Moneylender is a closed-end, computer moderated, play-by-mail game set in renaissance Italy. The game was published by Rick Barr around 1981 and averaged about 8–12 turns, sometimes taking less than six months to finish. Up to ten players role-played families with a focus on economics and resources, versus solely combat. The game received generally positive reviews in various gaming magazines in the 1980s.

==History and development==
Rick Barr created Moneylender. He drew inspiration from Machiavelli's book The Prince. Barr played various PBM games through Flying Buffalo in the late 1970s, but they "lacked a game which [he] felt had a proper historical feel". This drove his development of Moneylender in 1980 using an Apple II computer he had purchased the previous year. Moneylender was a medium-complexity game that was closed-ended and computer moderated.

==Gameplay==
The game was set during the Italian Renaissance in the 1400s. Players roleplayed as a family head in pursuit of success. Games comprised about six players each. Ten players per game was the maximum. Games averaged 8–12 turns. Reviewer Michael Gray stated that games could last less than six months.
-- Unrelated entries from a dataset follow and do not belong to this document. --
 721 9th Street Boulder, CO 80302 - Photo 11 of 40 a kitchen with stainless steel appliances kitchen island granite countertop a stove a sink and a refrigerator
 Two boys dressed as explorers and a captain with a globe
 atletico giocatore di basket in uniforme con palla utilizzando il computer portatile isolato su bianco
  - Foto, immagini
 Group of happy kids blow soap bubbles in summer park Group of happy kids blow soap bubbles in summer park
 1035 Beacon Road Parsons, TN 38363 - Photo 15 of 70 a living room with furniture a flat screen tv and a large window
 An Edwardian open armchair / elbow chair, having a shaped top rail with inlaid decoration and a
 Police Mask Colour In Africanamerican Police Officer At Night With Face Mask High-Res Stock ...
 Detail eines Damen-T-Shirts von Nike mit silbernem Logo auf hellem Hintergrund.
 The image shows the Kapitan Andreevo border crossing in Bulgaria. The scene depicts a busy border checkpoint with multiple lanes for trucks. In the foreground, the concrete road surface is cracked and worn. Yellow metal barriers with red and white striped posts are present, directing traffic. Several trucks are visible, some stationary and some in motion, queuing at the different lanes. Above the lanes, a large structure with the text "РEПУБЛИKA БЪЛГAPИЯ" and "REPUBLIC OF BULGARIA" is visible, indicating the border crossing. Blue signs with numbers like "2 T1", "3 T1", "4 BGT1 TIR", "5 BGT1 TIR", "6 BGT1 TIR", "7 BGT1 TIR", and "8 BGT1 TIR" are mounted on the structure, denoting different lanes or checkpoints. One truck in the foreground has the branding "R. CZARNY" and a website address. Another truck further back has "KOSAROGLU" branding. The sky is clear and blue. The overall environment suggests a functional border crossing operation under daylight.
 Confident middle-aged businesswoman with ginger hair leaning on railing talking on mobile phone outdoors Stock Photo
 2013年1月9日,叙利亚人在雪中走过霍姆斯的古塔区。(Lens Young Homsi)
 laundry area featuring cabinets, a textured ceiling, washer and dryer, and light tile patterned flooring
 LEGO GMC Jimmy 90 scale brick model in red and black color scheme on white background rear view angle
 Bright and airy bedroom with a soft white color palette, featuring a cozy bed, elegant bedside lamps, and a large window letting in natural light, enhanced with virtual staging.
Finance, economics, trade, and intrigue were elements of gameplay. Available actions for intrigue included assassinations, "patronizing the arts", and papal control. The game's purpose was to be the first player to achieve 60,000 victory points. Of the six ways to score a victory point, four involved controlling or wisely spending money (florins), and the other two related to economics and resources, making financial considerations central to game success. Michael Gray called it a game of "finance and negotiation". Players began with resources and a treasury. Thirty independent game cities and twenty mercenaries were available to players at the outset.

==Reception==
Reviewer Reginald Reid gave the game a positive review in a 1981 issue of Nuts & Bolts of PBM. He stated, "Moneylender is a fast game, relatively inexpensive, [and] the rules have been written with clarity. I personaly [sic] rate the game very highly [within] the new PBM computer moderated games I have sampled in the last year". In a 1983 issue of PBM Universal, Bob McLain said that the game was "Habit forming and exceptionally well thought out ... Very highly recommended". Michael Gray reviewed the game in a 1984 issue of Gaming Universal. He noted possible game improvements including rules revision and turn result formatting, reducing the number of mercenaries, and options for spies. He saw the game as "a fresh change from the usual science fiction and fantasy themes which are so common
in PBM games". Gray also reviewed the game in the May 1984 issue of Dragon, stating "I recommend it highly."